All seems pretty reasonable to me!
 
^ Right, we leave non canon speculation out of it and then this thread would consist of people going back and forth stating ONLY what the EXACTLY saw on screen, and they wouldn't be able to make any leaps or connections that weren't specifically spoken on screen. :) Besides, Memory Alpha only uses canon sources to back up everything they say, Memory Beta is the one that uses non canon sources, so anything Memory Alpha says has as much chance of being accurate as anything we say here if we only go by canon evidence. Anyways...

The Phoenix. If we are to go by only canon evidence, what we see and hear on screen, then all you have to do is LOOK at the shot of the Phoenix ANY time before it HITS warp speed and you can clearly see that it is traveling at a constant speed. From the moment it leaves Earth's atmosphere until the moment it achieves warp speed, it is moving rather slowly. Slow enough that the initial rocket could have caused that momentum. Now, we know that the warp drive bends subspace around the ship, creating a bubble which envelops the ship and distorts the space-time continuum, and propels it at light speed and beyond. Well, I propose that the reason Riker said that they were approaching light speed when they were clearly not moving any faster than before, is because he was talking about the time to lightspeed, not the acceleration left till light speed. It would make sense that an older and prototype warp engine might take longer to build up enough of a distortion in subspace before it had built up enough to push the ship into warp. Riker could easily have been referring to the engines having built up almost enough of a distortion to propel them to light speed, and was announcing that they were approaching the moment of light speed. How would you word that other than "approaching light speed"?

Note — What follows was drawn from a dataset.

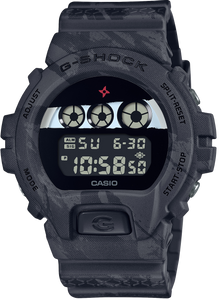 Casio G Shock 6900 Series Japanese Legendary Ninja DW 6900NNJ 1 WATCH OUTZ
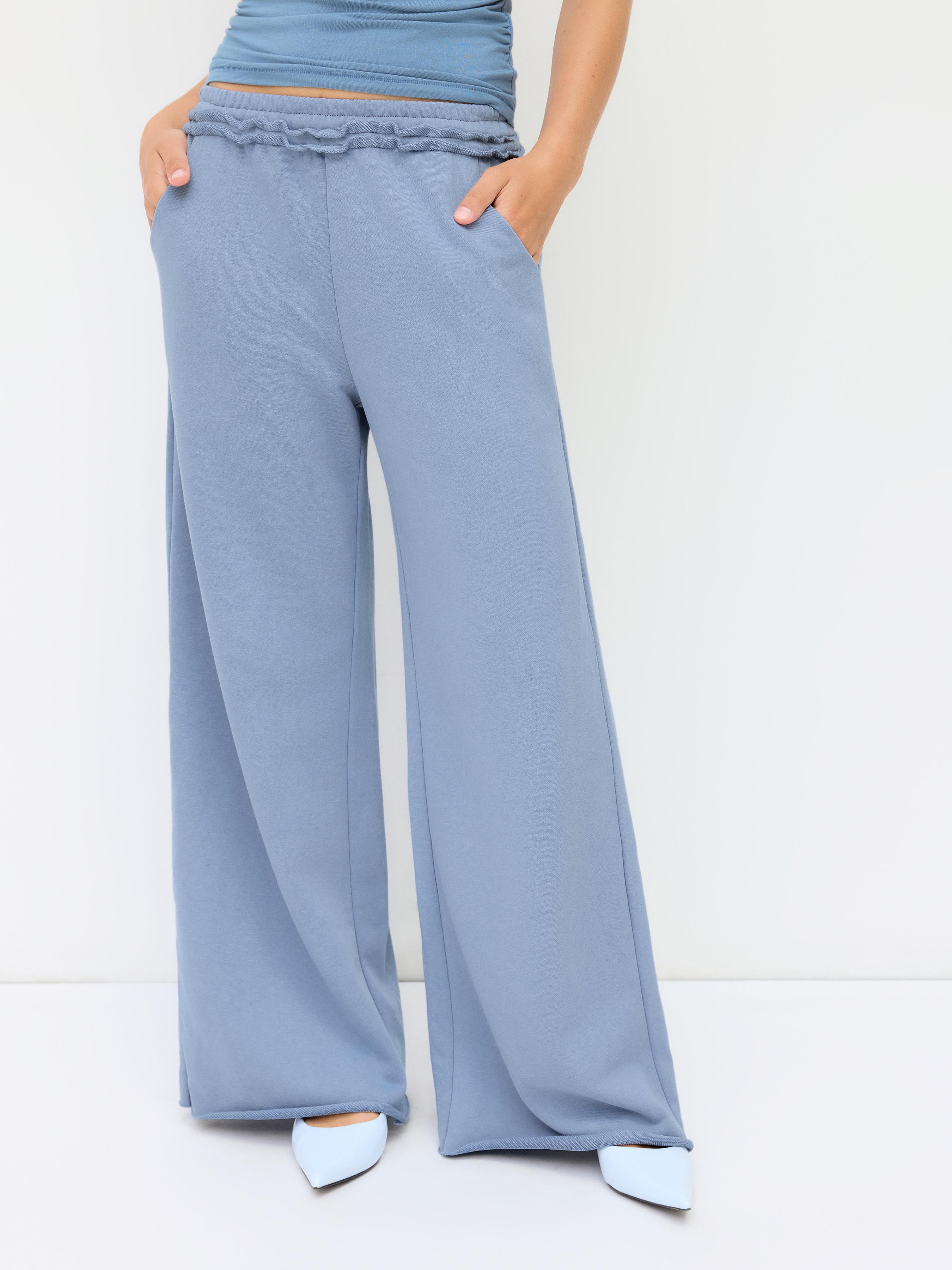 CDR Weite Beine Sweat-Hosen by CIDER CDR Weite Beine Sweat-Hosen by CIDER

As for the Romulans of Kirk's time, It is not mentioned whether that is indeed a deep space vessel or not. It could easily have been a short range vessel launched from an area near the neutral zone, as they were not far from the neutral zone during their encounter. It could just as easily be that perhaps Impulse drive can get you above light speed, although it'd most likely be at some cost of being fuel inefficient or not as fast or Warp Drive, or something otherwise why wouldn't Starfleet use it for light speed? That being said, who's to say it uses the warp nacelles? Why would it have to? Do we even know if the two systems are compatible that way? As for the evidence of STXI's Kelvin, I wouldn't put it past them to have done that just to look "cool". And I loved that movie. I just think that connecting the two with so little on screen evidence and not even any dialogue to back it up is way too much of a stretch.

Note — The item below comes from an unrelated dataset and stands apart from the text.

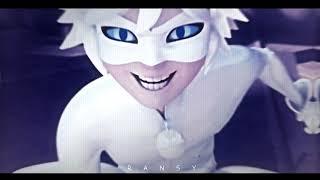 「 Youre So Creepy 」Odd&Chat Blanc  Code Lyoko&Miraculous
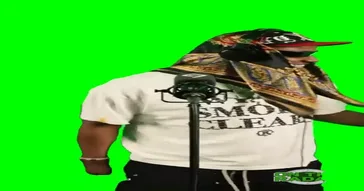What The Helly Green Screen Meme Video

And let's not forget that the Impulse Reactor is the component that provides power to the Impulse Engine. If Impulse uses the warp nacelles for propulsion, then the power would need only move from the Impulse Reactor to the Nacelles... what use would another engine or drive system be if not for the actual propulsion? It really is just too much to say that the Impulse engine uses the warp nacelles for propulsion. The only thing that really points towards that is the one scene with the Kelvin. The whole Impulse in reverse can be explained by the use of subspace fields generated by the impulse engines themselves, as Memory Alpha suggests they have in addition to the rocket-based propulsive effect. It could also be explained by smaller impulse engines being located at various other points around the ship, as was questioned in the original topic.

I also find it very telling that the Impulse engines are always located in great areas to provide excellent thrust for forward motion.
 
If you have anything at all negative to say about this movie you are just attacked for your opinion. It is just ridiculous. You folks on all these TrekXI threads are just clinical! Good times!

That is so true. I've been on several Trek boards and I have been berated, insulted, and called names on many occasions by STXI fans. It's no big deal. I'm mature enough to handle such nonsense. But it is rediculous to have to put up with the $hit simply because you don't share their opinion.